Oh! That reminds me! I'm going to London next month! Yay me! The only drawback is that I won't be as "fixed" as I would like, the first time in a new country.
...Ok, "fixed" is definitely the wrong word. I suppose "repaired" is a little more gentle. I suppose it still takes a little explaining. To put it simply, I have the worst case of Ugly Duckling Syndrome of anyone I know. I have always viewed myself as being tragically ugly; tragic, in that I would apparently be stunningly beautiful if I could get everything lined up. All my life, people have been telling me I was Pretty*. That asterisk is usually phrased "Pretty but" or "Pretty if." As in, "You know, you're very pretty but you need to lose some weight." Or, "You'd be so pretty if you had your teeth capped." Or, "You'd be so pretty if you wore your hair differently." And on it goes, yadda yadda yadda. So, by the time I was 15, I had a list of about two dozen things I needed to fix before I could call myself pretty with any confidence. Without an asterisk. No qualifications.
Now that I'm all grown up, as it were, a lot of things are falling into place on their own.
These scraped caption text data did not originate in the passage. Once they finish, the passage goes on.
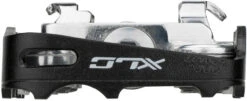 XLC PD-S02 Pedale -Shimano || dt-swiss || Schwalbe Verkäufe 199208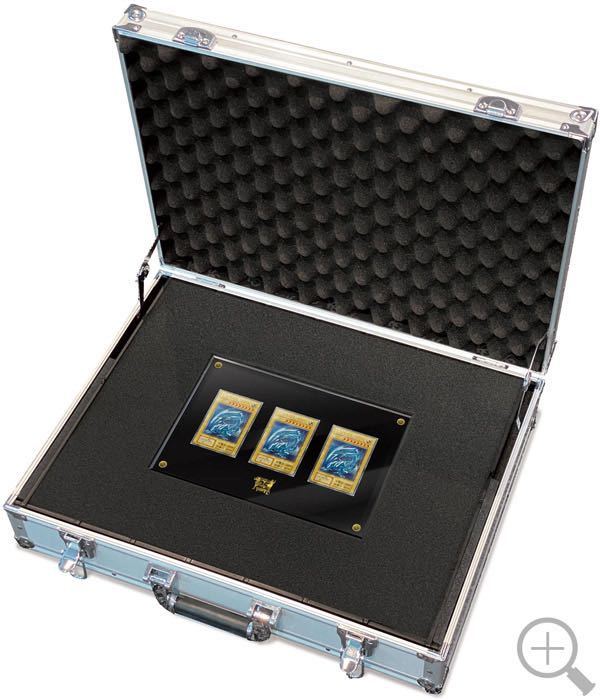 海馬セットダンボール未開封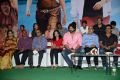 Nenem Chinna Pillana Audio Release Photos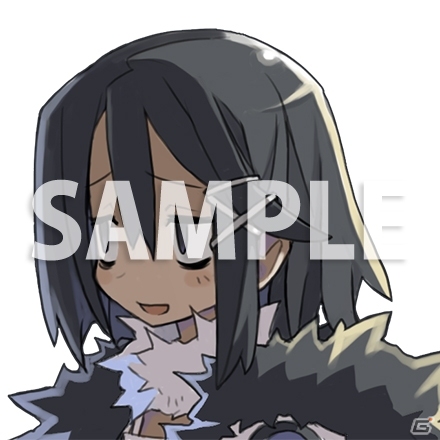 日本一ソフトウェアのタイトルやアバターがディスカウント！「SNS感謝キャンペーン」がPS Storeにてスタートの画像9
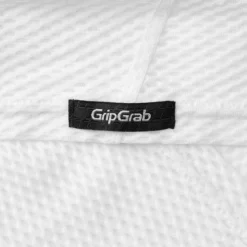 GripGrab Ultralight Mesh Sweat Underskjorte Kortermet Hvit 3-pack -Force Butikk GripGrab Ultralight Mesh Svedundertr 1679579404 03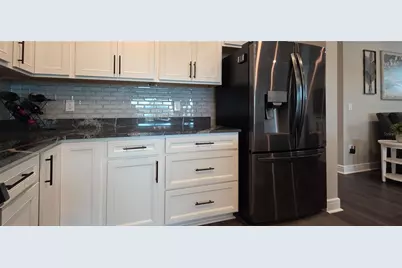 10619 Wynward Way, Parrish, FL 34219 - Photo 20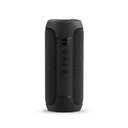 Infortisa Image 3 - Energy Sistem Altavoces urban box 2 onyx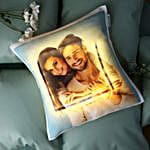 /images/pr/l/v20221003181139/personalised-romantic-led-cushion_1.jpg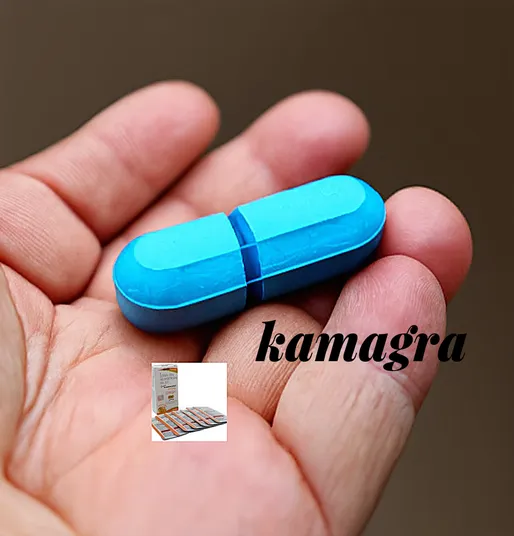 Kamagra oral jelly vendita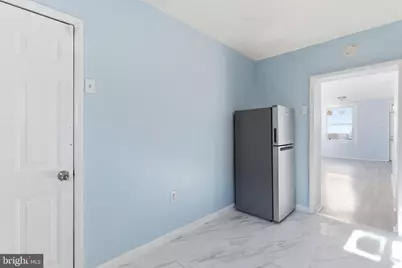 2236 W Firth Street, Philadelphia, PA 19132 - Photo 13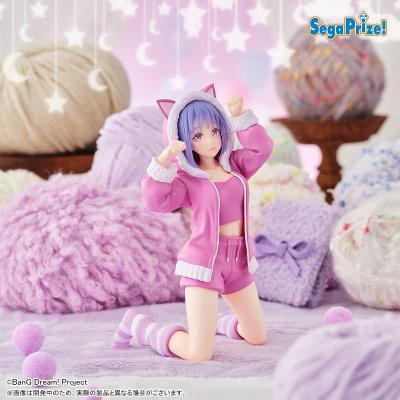 SEGA 景品 BanG Dream Y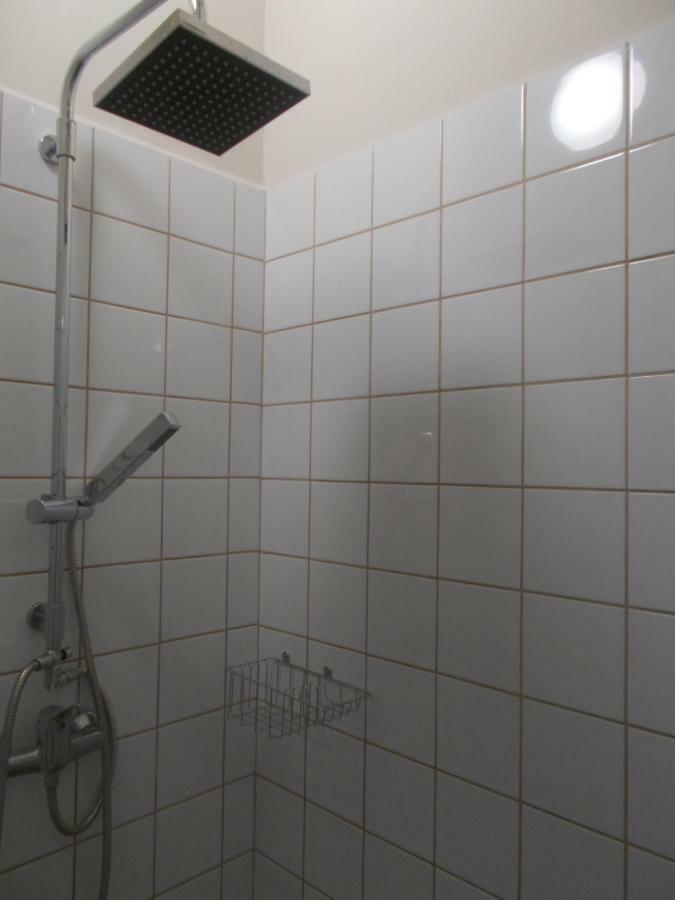 Hôtel Retron Szinva-Lux à Miskolc Extérieur photo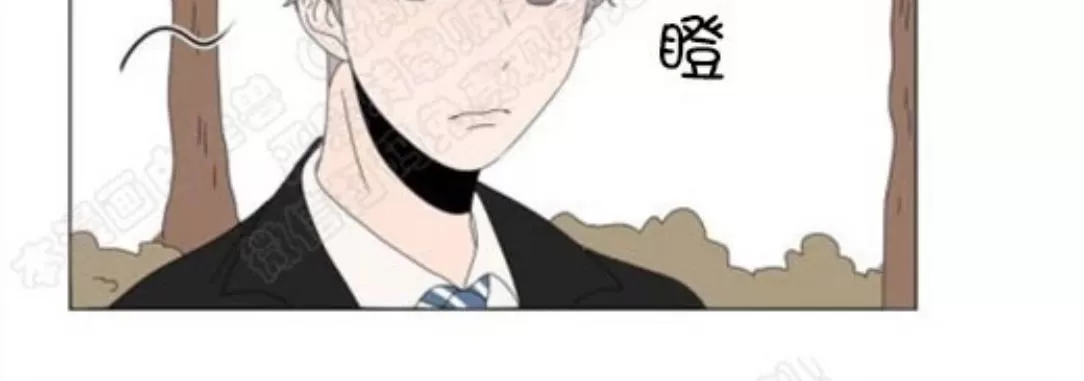 《2班李喜舒》漫画最新章节 第71话 免费下拉式在线观看章节第【18】张图片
The things you'd expect--the growth and development in taste concerning the fashions that work for me, a proper interest in those ridiculous grooming practices known to Western women, and the cessation of the typical embarrassing physical malaise associated with the late stages of puberty--are all working in tandem with the steps I myself am taking to reach my goals. The weight is dropping. The hair is growing. The people skills are being exercised. And, the most important part, I've been approved for Invisalign braces and should have a perfect smile by November of next year. FINALLY!
There are some things I know that are just never going to be "fixed." I'll always be top tall, unless they come up with a significantly less terrifying procedure to add about three inches to my leg length. I'm not interested in rhinoplasty to straighten that bend in my nose (God only knows why that's even there in the first place). My eyes are always going to be too big for my face. Things are always going to be a little asymmetrical. I'll never be as pretty as people seem to think I'd be if everything matched my mother.
But seriously. One year from now, I'm going to be forty pounds lighter with waist-length blonde hair, no glasses and a perfect smile. I'm going to be unjustifiably hot. There's no excuse for me.
Which reminds me. Mom. Her 52nd birthday will be October 3rd. I'm going to be across the Pond until the 2nd, and one of the places I'll visit is Ireland. My mother's fondest fantasy was to visit Ireland, and she never made it. So there will be MUCH picture-taking.
Twas brillig at the slithey--My GOODNESS I'm getting discombobulated. I must be getting tired. What time is it? ...2 a.m. Yup. I'm tired.
GOOD NIGHT SEATTLE, WE LOVE YOU!!!!!!!!!!!!!!!!!!!!!!!!!!!!!!!!!!!!!!!!!!!!!!!!